A Bioinformatics Pipeline to Accurately and Efficiently Analyze the MicroRNA Transcriptomes in Plants

* These authors contributed equally
This article has been accepted and is currently in production

Abstract

MicroRNAs (miRNAs) are 20- to 24-nucleotide (nt) endogenous small RNAs (sRNAs) extensively existing in plants and animals that play potent roles in regulating gene expression at the post-transcriptional level. Sequencing sRNA libraries by Next Generation Sequencing (NGS) methods has been widely employed to identify and analyze miRNA transcriptomes in the last decade, resulting in a rapid increase of miRNA discovery.
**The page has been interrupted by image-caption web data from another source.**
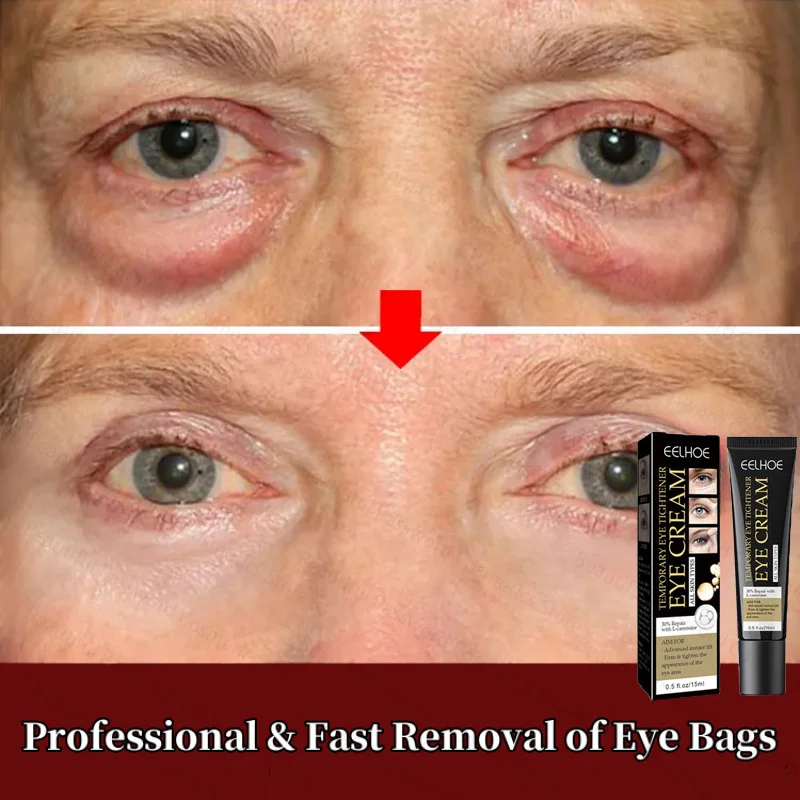 Anti-Wrinkle Eye Cream Remove Eye Bags Dark Circles Anti Aging Lifting Firming Smooth Skin Care Moisturizing Beauty Health
Anti-Wrinkle Eye Cream Remove Eye Bags Dark Circles Anti Aging Lifting Firming Smooth Skin Care Moisturizing Beauty Health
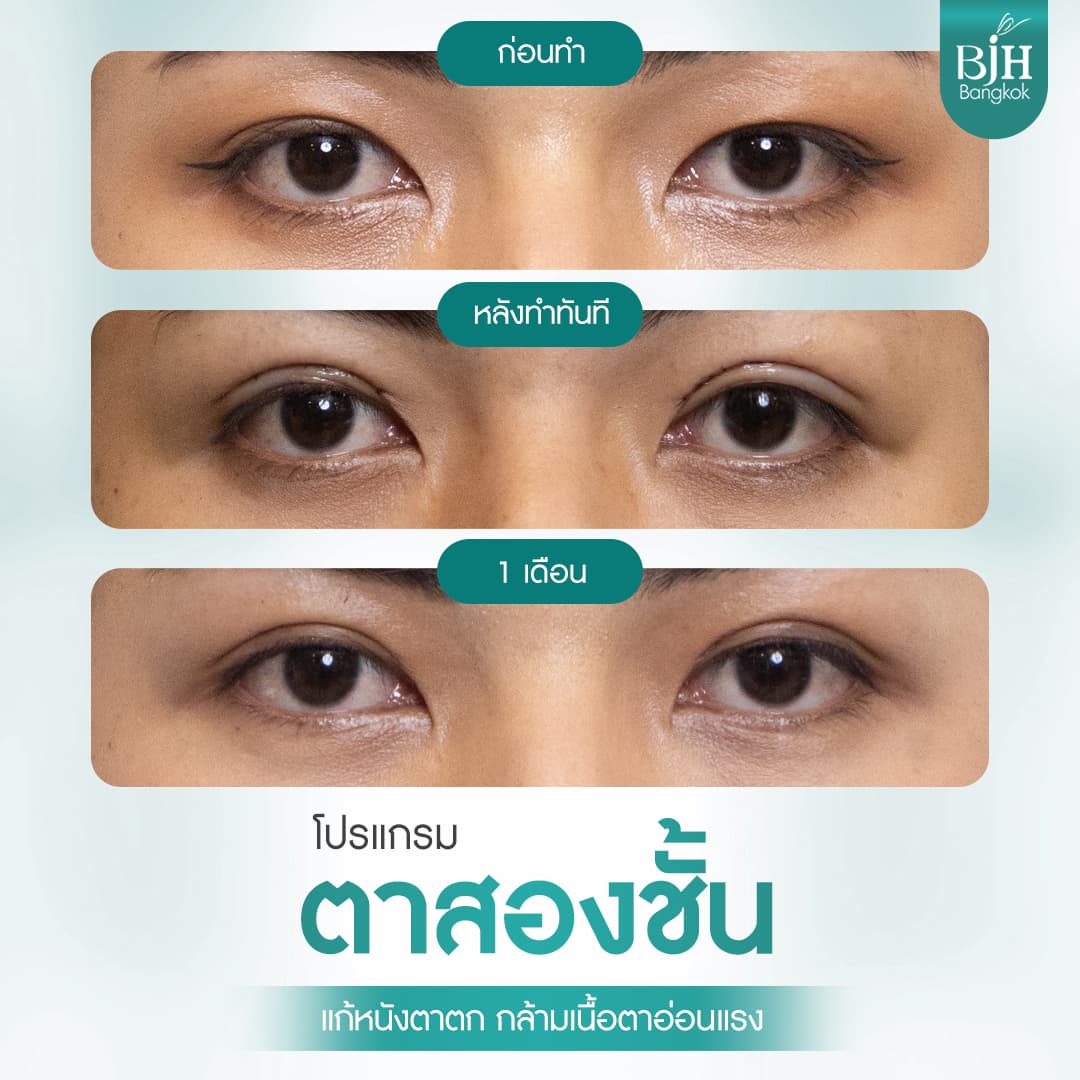 ตาสองชั้น 02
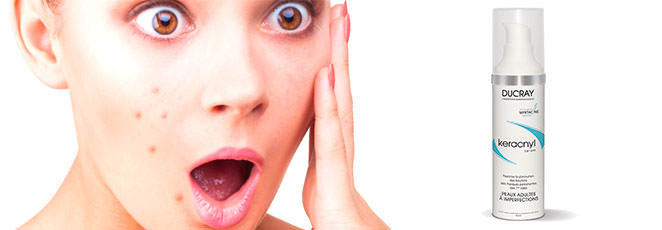 ¿Para piel acneica? Ducray Keracnyl Serum es la solución ¿Para piel acneica? Ducray Keracnyl Serum es la solución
However, two major challenges arise in plant miRNA annotation due to increasing depth of sequenced sRNA libraries as well as the size and complexity of plant genomes. First, many other types of sRNAs, in particular, short interfering RNAs (siRNAs) from sRNA libraries, are erroneously annotated as miRNAs by many computational tools. Second, it becomes an extremely time-consuming process for analyzing miRNA transcriptomes in plant species with large and complex genomes. To overcome these challenges, we recently upgraded miRDeep-P (a popular tool for miRNA transcriptome analyses) to miRDeep-P2 (miRDP2 for short) by employing a new filtering strategy, overhauling the scoring algorithm and incorporating newly updated plant miRNA annotation criteria. We tested miRDP2 against sequenced sRNA populations in five representative plants with increasing genomic complexity, including Arabidopsis, rice, tomato, maize and wheat. The results indicate that miRDP2 processed these tasks with very high efficiency. In addition, miRDP2 outperformed other prediction tools regarding sensitivity and accuracy. Taken together, our results demonstrate miRDP2 as a fast and accurate tool for analyzing plant miRNA transcriptomes, therefore a useful tool in helping the community better annotate miRNAs in plants.